You Gals are amazing! I felt good just putting mint leaves in ice cube trays and freezing for my drinks when the Mint is gone. I have a lot to learn. Never too old I say. Jklady


----------



## RedDirt Cowgirl (Sep 21, 2010)

Honey and lemon verbena - Lesson 1: Boiled mixture crisps the leaves and essence escapes. Room smells wonderful. Lesson 2: Very light tasting honey required, clover is overpowering, as is spring wildflower, both golden. Orange honey is the next go to.


----------



## SueMc (Jan 10, 2010)

RedDirt Cowgirl said:


> Honey and lemon verbena - Lesson 1: Boiled mixture crisps the leaves and essence escapes.
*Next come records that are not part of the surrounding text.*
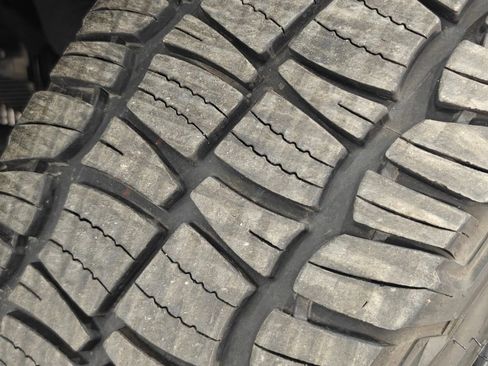 Used 2024 Toyota Tundra Limited image 69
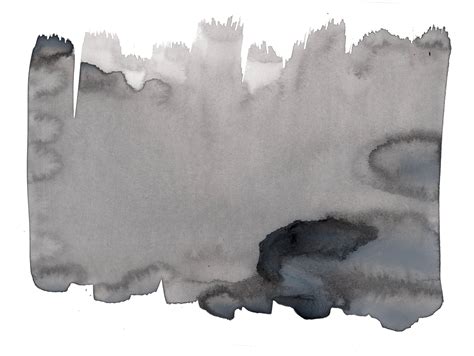 12 Grey Watercolor Texture 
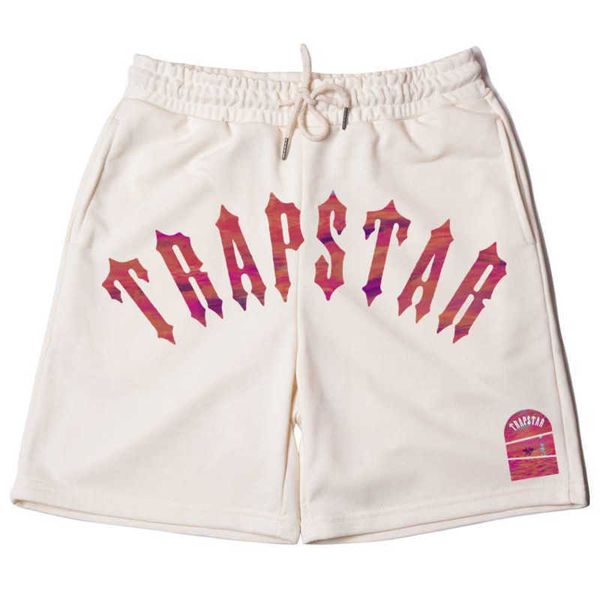 mens shorts designers london men casual jogging sport pants summer women running loose vintage short pant streetwear, White;black
mens shorts designers london men casual jogging sport pants summer women running loose vintage short pant streetwear, White;black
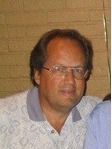 Kenneth W. Kalls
Room smells wonderful. Lesson 2: Very light tasting honey required, clover is overpowering, as is spring wildflower, both golden. Orange honey is the next go to.


Orange would be great for this.

I only heated/simmered the leaves that were used to infuse my honey after letting most of the honey strain out. The only reason I did this was because I hated to discard the leaves with the little bit of honey left on them. The leaves seemed a bit crisp after being in the honey for a month.
Most of the jelly recipes that I found said to boil the leaves for a few seconds then let steep for anywhere from 15 minutes to overnight. 
I used some tupelo honey that I bought a few years ago while on vacation in FL. It seems to have a heavy flavor but the lemon comes through. Citrus honey would add to the lemon herb flavor.
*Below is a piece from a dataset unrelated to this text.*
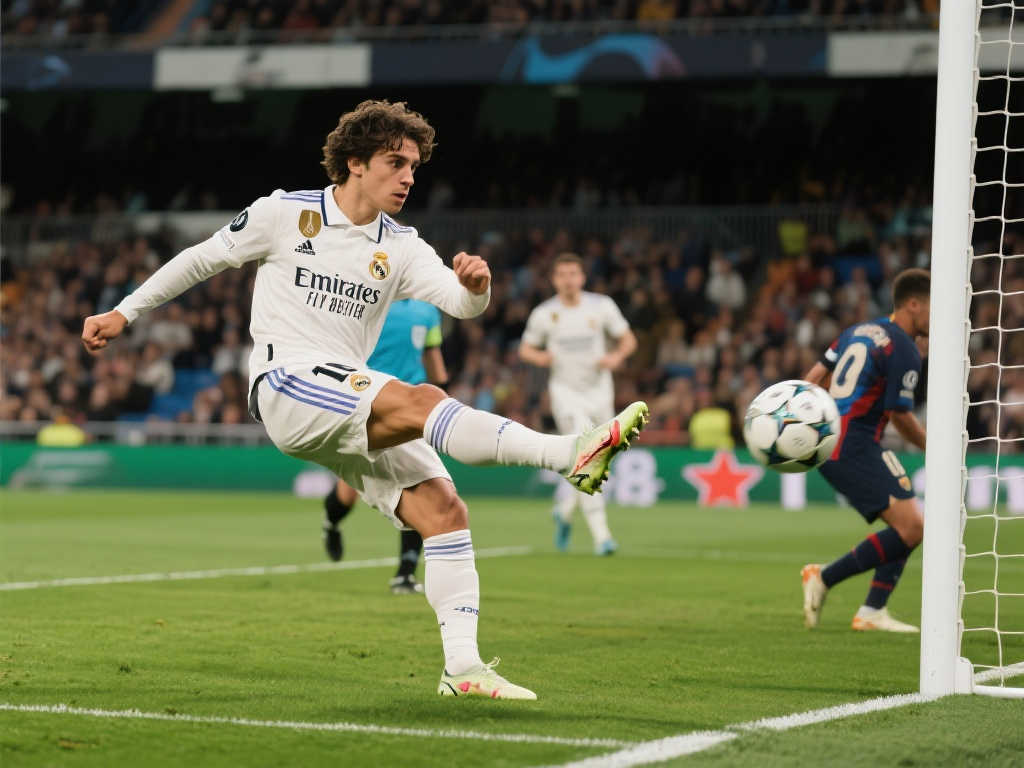 成功逼平日 成功逼平日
It's fun to play around with stuff like this!


----------



## MOgal (Jul 27, 2002)

Bases really well covered but I did want to add that I freeze cilantro in vinegar to use in salsa or salad dressings in the winter. It smelled like hay after I had dehydrated it. Would probably be good as a pesto too but I've never tried that.


----------



## RedDirt Cowgirl (Sep 21, 2010)

RedDirt Cowgirl said:


> Honey and lemon verbena - Lesson 1: Boiled mixture crisps the leaves and essence escapes. Room smells wonderful. Lesson 2: Very light tasting honey required, clover is overpowering, as is spring wildflower, both golden. Orange honey is the next go to.


 So, I tried various amounts of fresh lemon verbena leaves in honey - :yuck: feh! Tastes like bugaboo, just sappy.

Still getting the most from dried leaves.


----------